Something very subtle and successful has happened in the Office of Admissions. Staff have implemented academic policies, created a system of partnerships, and established an outreach plan so effective that enrollment has shifted. Today one in three students attending ISU is a transfer. 

Nearly half of those graduating each year transferred to Illinois State, which is one of only 11 schools nationally to be recognized by Phi Theta Kappa Transfer Honor Roll annually since its start in 2016. The designation identifies four-year institutions that offer exemplary support for community college transfers. 

Illinois can boast of transfer success overall. The state leads the nation in the rate of bachelor’s degree completion by community college students who go on to attend a four-year school. Within the state, ISU is a clear leader in connecting with transfer students. 

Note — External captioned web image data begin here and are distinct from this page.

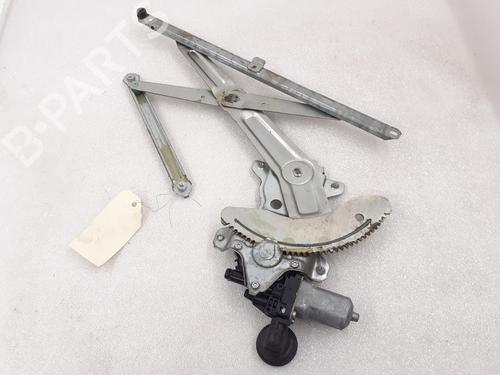 Front right window mechanism SUZUKI SWIFT III (MZ, EZ) 1.3 DDiS (RS413D) | BP24786991C23 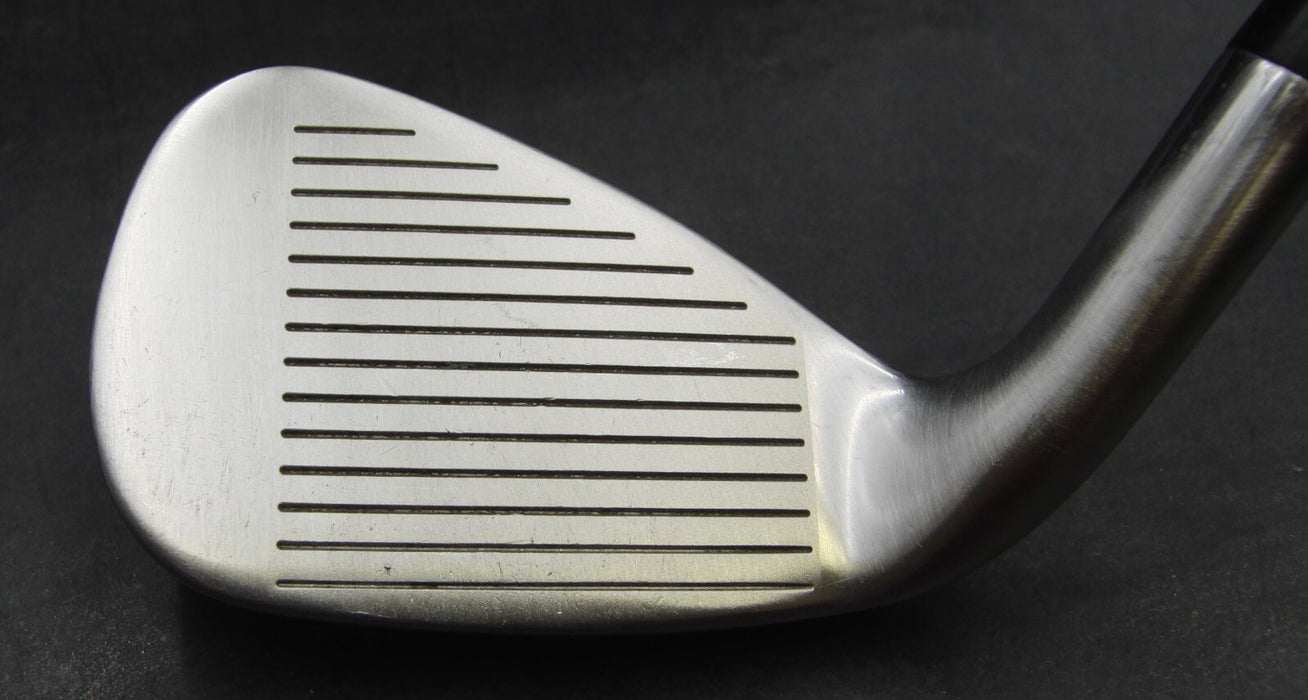 Callaway X2 Hot 9 Iron Stiff Steel Shaft Callaway Grip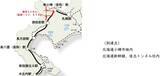 「北海道新幹線【時速260kmへ】お盆･GWのさらなる時短へ向け青函トンネル前後区間で夜間の高速走行試験を開始！3つの重要な試験項目とは？」の画像4
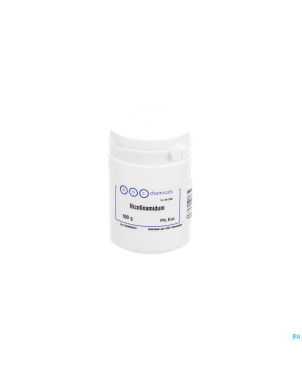 Nicotinamide    100g abc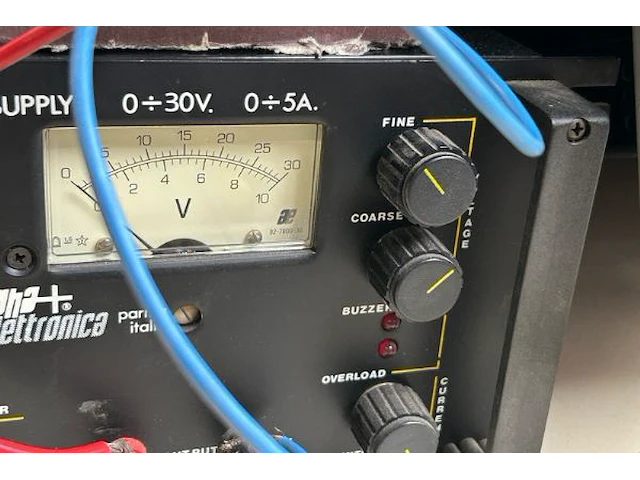 Power supply - afbeelding 3 van  5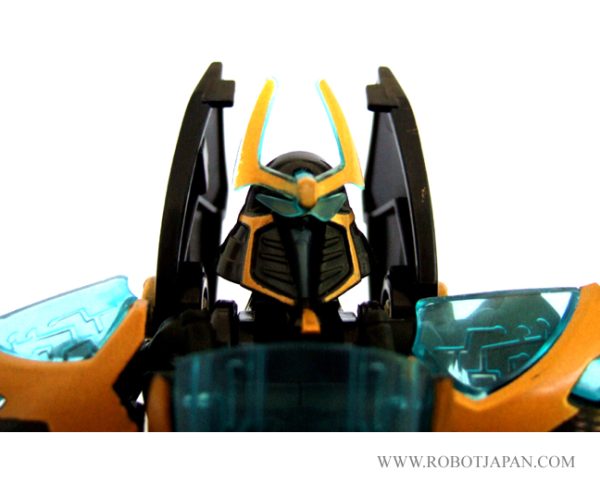 Samarai Prowl Animated Deluxe Class - Image 4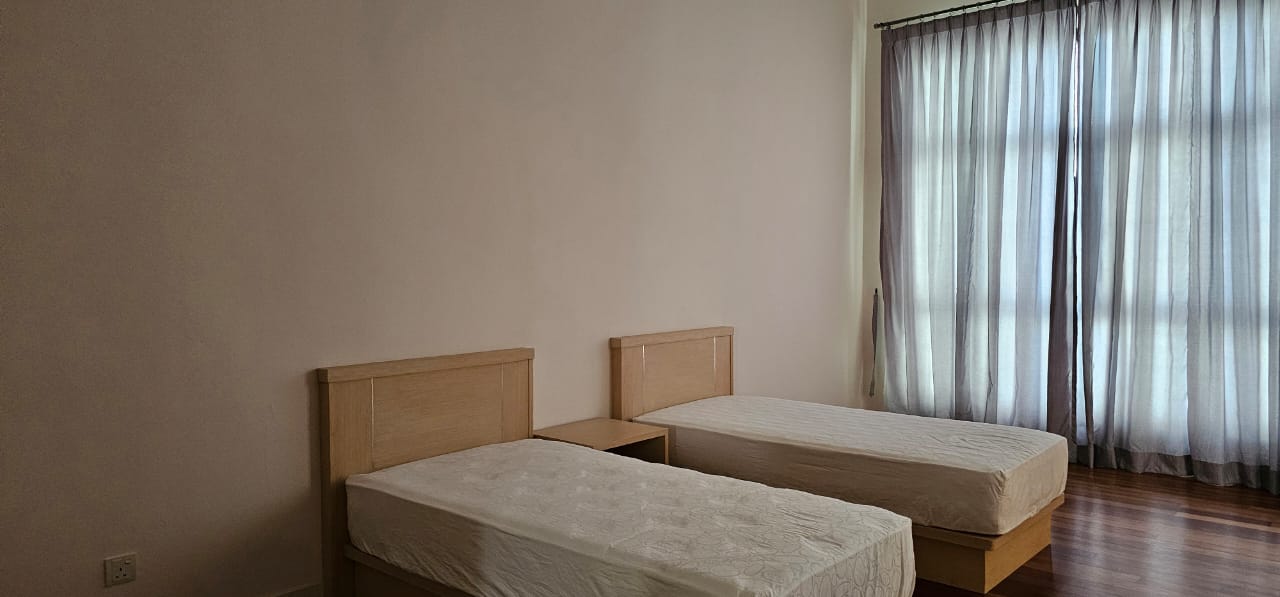 Fettes Residences Condominium For Sale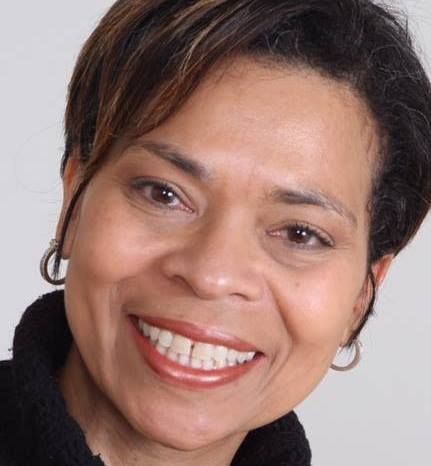 Robbyn Harris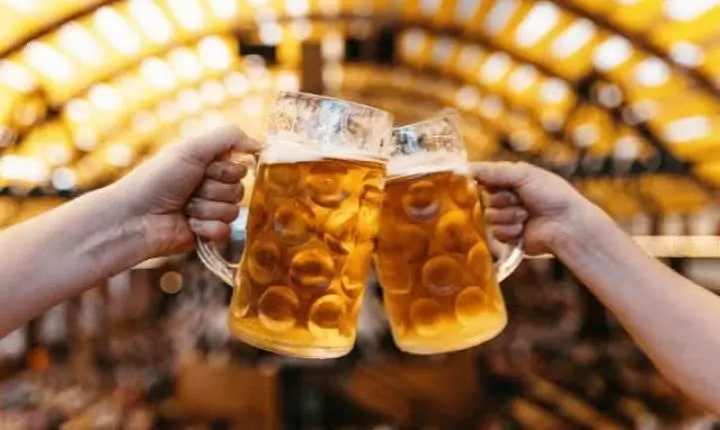 Cachoeiro terá 1ª Oktober Fest com 12 cervejarias e expectativa de mais de 30 mil visitantes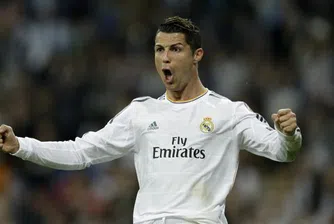 Футболните отбори с най-продавани фланелки в света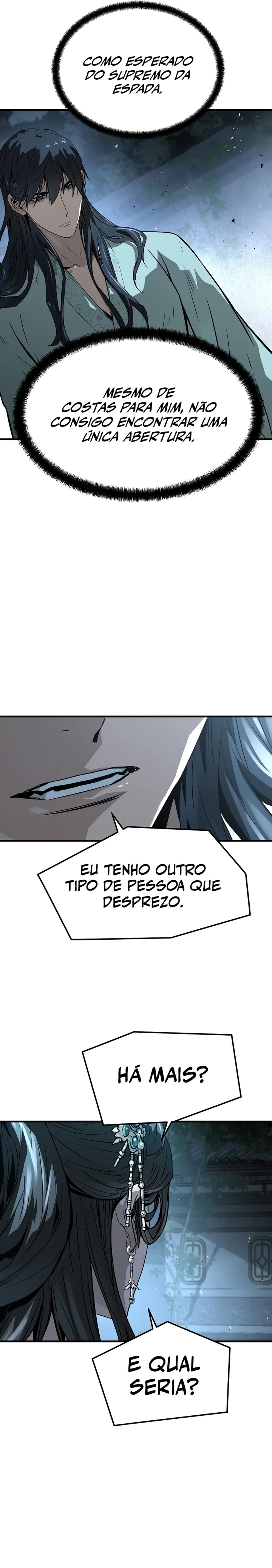 Read Absolute Regression PTBR Manga Online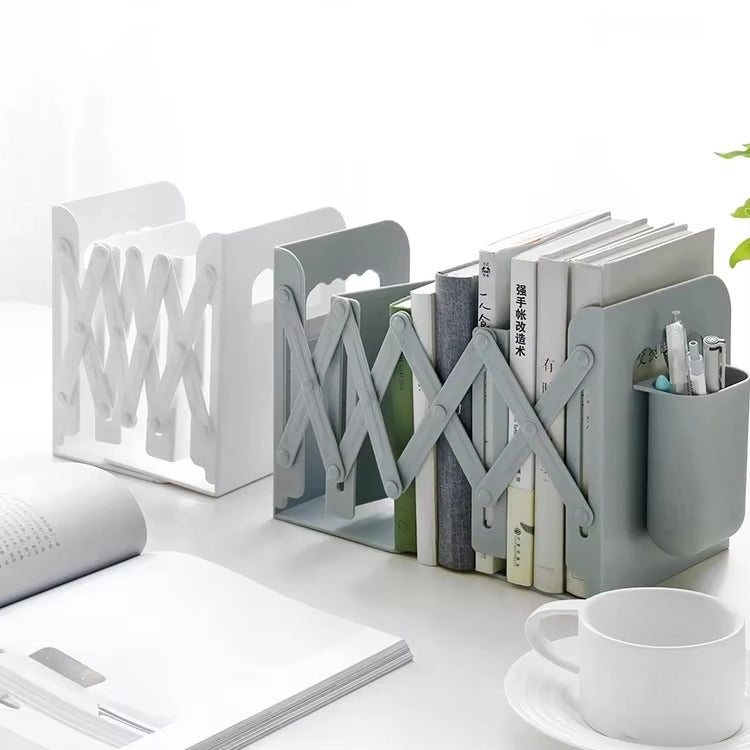 Expandable Books & Stationery Holder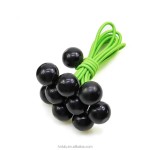 Bungee Cord Supplier - Fitness Trampoline Accessories Elastic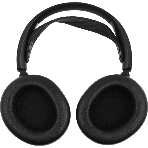 Гарнитура SteelSeries Arctis Nova Pro чёрный, проводная, USB, фото3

The University enrolls approximately 2,200 transfers annually, with 81 percent coming from community colleges. About a third have an associate’s degree, nearly a fourth are from an under-represented group, and 21 percent are first-generation college students. The cohort has an 89.9 percent retention rate. 

“Transfers are becoming a more important population, and ISU has its finger on the pulse,” said Samantha Meranda ’10, assistant director of transfer recruitment in Admissions. She has seen the commitment to the cohort intensify. There are now three people dedicated to working with transfers in Admissions. They all communicate that the different path is understood and respected.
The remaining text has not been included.